De acordo com a Aneel, a licitação teve como objetivo viabilizar a construção e a manutenção de 61 quilômetros de linhas de transmissão, além de um acréscimo de 2.400 megavolt-ampères (MVA) em capacidade de transformação nas subestações. O primeiro lote, nº 7, localizado em São Paulo, foi vencido pelo Consórcio Olympus XX, que propôs um valor de R$ 96,7 milhões de Receita Anual Permitida (RAP), resultando em um deságio expressivo de 52% em relação ao teto proposto pela regulamentação. A disputa nesse lote teve como concorrente a Fip Shelf 300, que ofereceu R$ 181 milhões, com um deságio inferior de 10,17%.
Logo após, o lote nº 10, situado em Cuiabá, no Mato Grosso, foi adjudicado à Axia Energia, que apresentou uma proposta de R$ 23,7 milhões, com um deságio de 51,84%. A competição foi acirrada, incluindo outras empresas como o Consórcio Olympus XX e a Zopone Engenharia e Comércio.
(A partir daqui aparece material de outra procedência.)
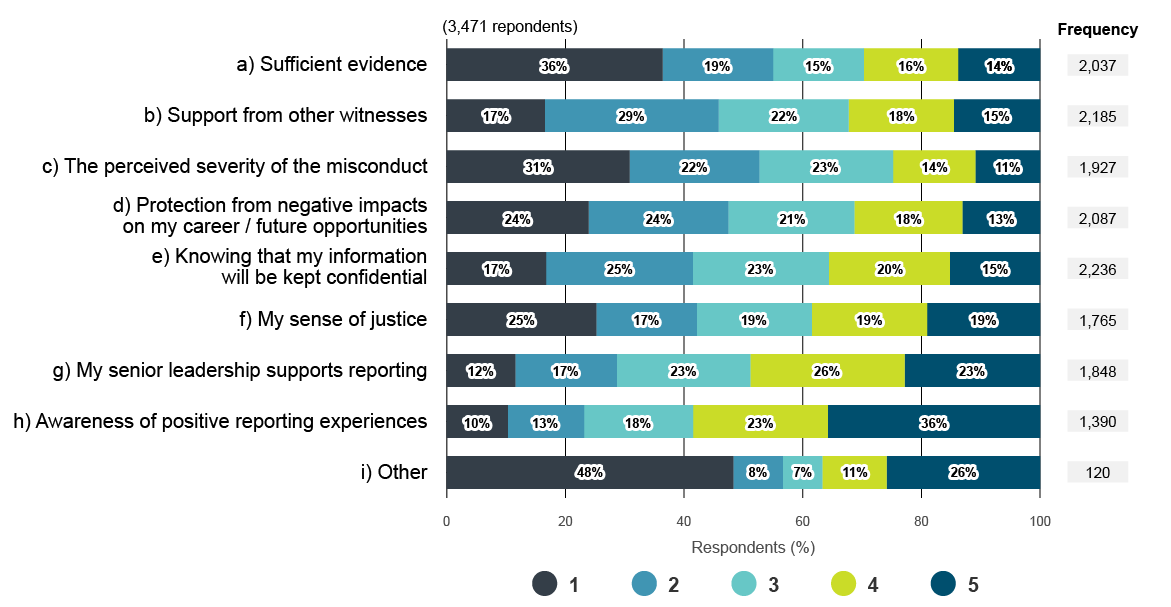 Factors likely to encourage respondents to report serious misconduct. Text version below:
Seguindo com os lances, o lote nº 9, também em São Paulo, foi vencido pela Axia Energia Sul, que fez uma oferta de R$ 16 milhões, o que representou um deságio de 57,24%. Outras concorrentes nesse lote foram a Cymi Construções e Participações, EDP Energias do Brasil, além do Consórcio Olympus XX.
Por fim, o lote nº 8, com instalações em Mato Grosso do Sul, também foi conquistado pela Axia Energia Sul, que ofertou R$ 10,8 milhões, correspondendo a um impressionante deságio de 59,04%. Este lote teve uma competição que incluiu a Cox Brasil e a Zopone Engenharia.
Este leilão reforça o compromisso do Brasil com a expansão de sua infraestrutura de energia, essencial para atender à crescente demanda por eletricidade e promover o desenvolvimento sustentável do setor energético no país.